Dataset content:
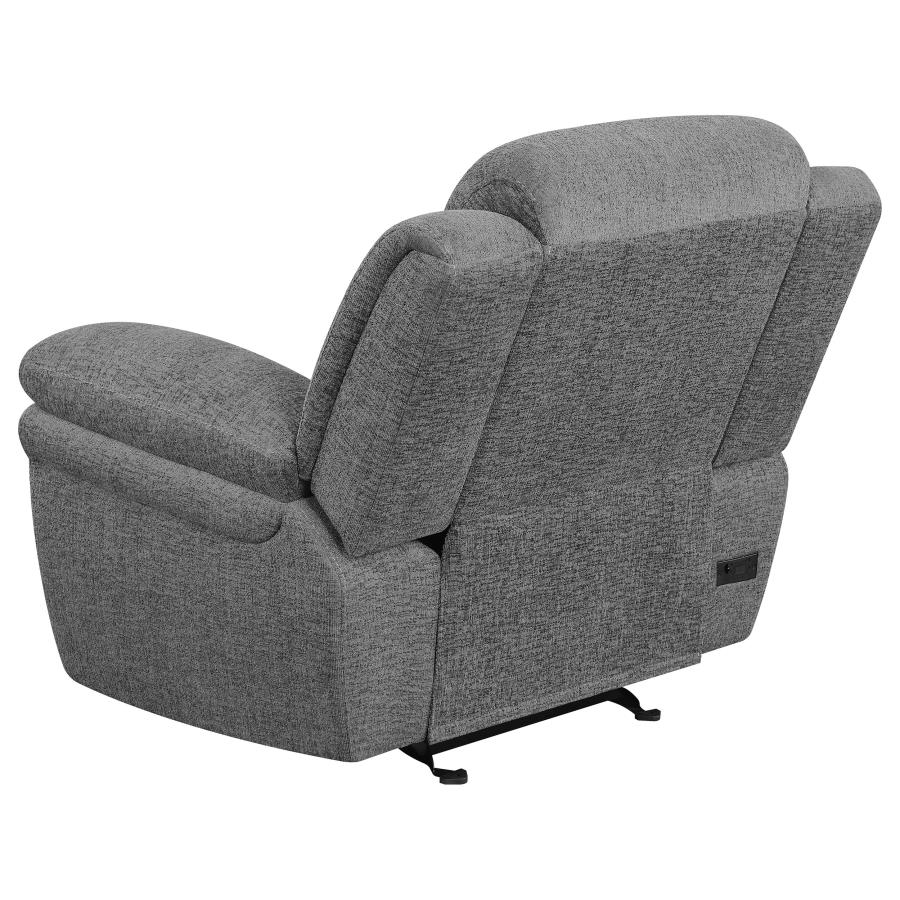 (image for) Bahrain Upholstered Power Glider Recliner Charcoal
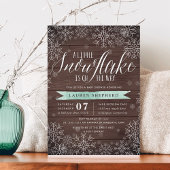 Little Snowflake Mint Rustic Wood Baby shower Kaart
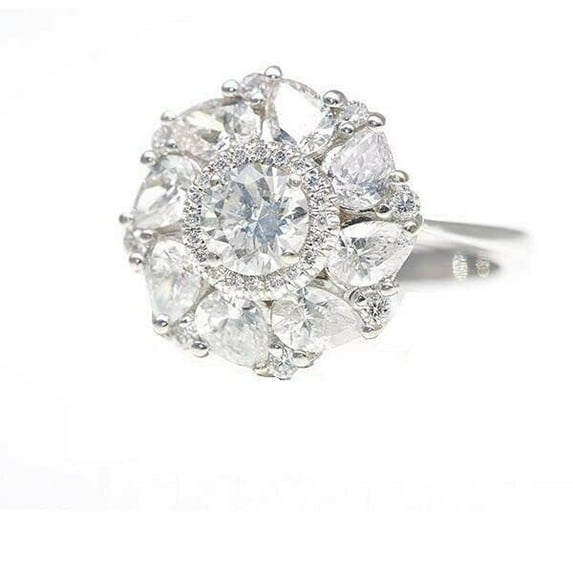 HeartsAndYou 3ct Round Pear Cut Moissanite Floral Halo Engagement Ring for Women 18k White Gold over Silver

Brief:
For every line above, produce an exact transcription that omits the images.

Result for this task:
 (image for) Bahrain Upholstered Power Glider Recliner Charcoal
 Little Snowflake Mint Rustic Wood Baby shower Kaart
 HeartsAndYou 3ct Round Pear Cut Moissanite Floral Halo Engagement Ring for Women 18k White Gold over Silver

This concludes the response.